These records contain pictures, which must be left out; copy exactly the lines from the one with "Robe cocktail Maya" up to and including the one with "Leder-Halsband gepolstert weiss".

*PROVIDED INFORMATION*.
---

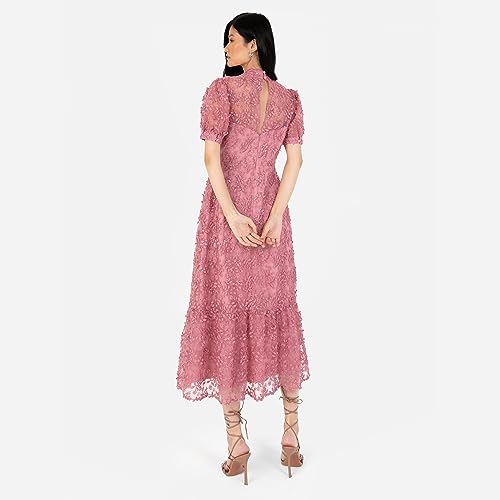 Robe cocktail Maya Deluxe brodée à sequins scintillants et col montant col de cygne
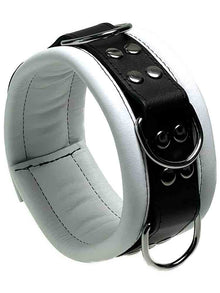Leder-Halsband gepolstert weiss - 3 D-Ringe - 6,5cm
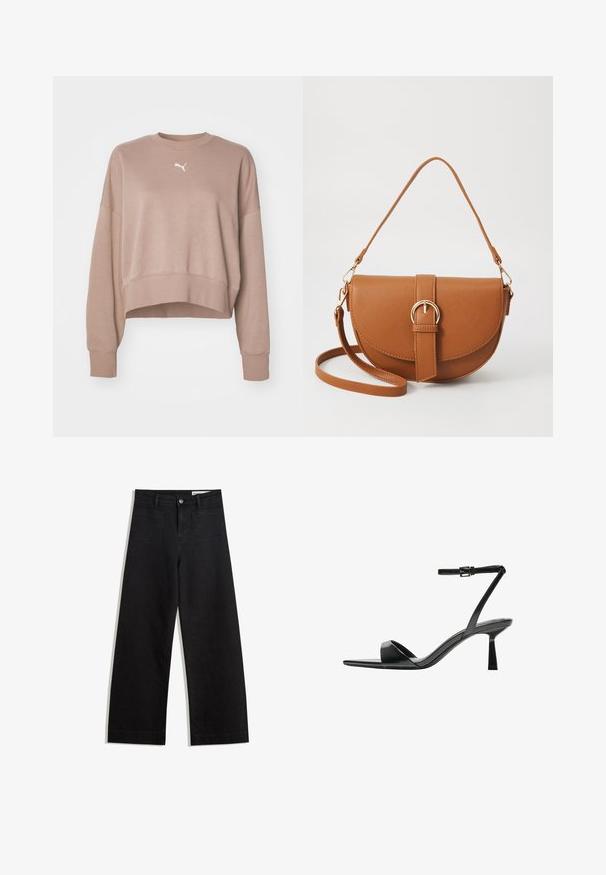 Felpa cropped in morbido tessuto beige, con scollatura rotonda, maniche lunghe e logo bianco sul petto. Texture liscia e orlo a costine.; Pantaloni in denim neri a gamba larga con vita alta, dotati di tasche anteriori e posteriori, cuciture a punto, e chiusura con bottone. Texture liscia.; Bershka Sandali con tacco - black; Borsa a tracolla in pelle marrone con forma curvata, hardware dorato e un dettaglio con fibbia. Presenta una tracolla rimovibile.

---

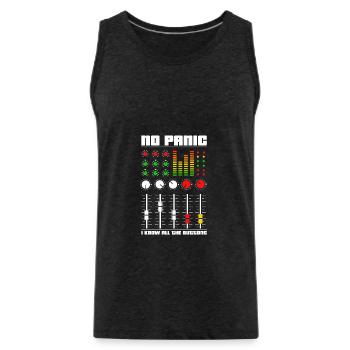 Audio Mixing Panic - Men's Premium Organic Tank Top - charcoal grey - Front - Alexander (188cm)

---

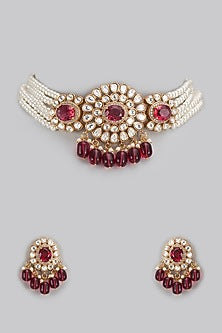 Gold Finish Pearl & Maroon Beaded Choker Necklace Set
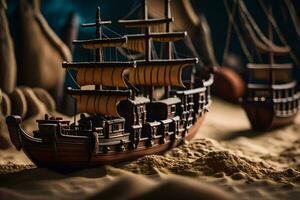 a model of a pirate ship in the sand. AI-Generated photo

---

*ANSWER SECTION*.
 Robe cocktail Maya Deluxe brodée à sequins scintillants et col montant col de cygne
Leder-Halsband gepolstert weiss - 3 D-Ringe - 6,5cm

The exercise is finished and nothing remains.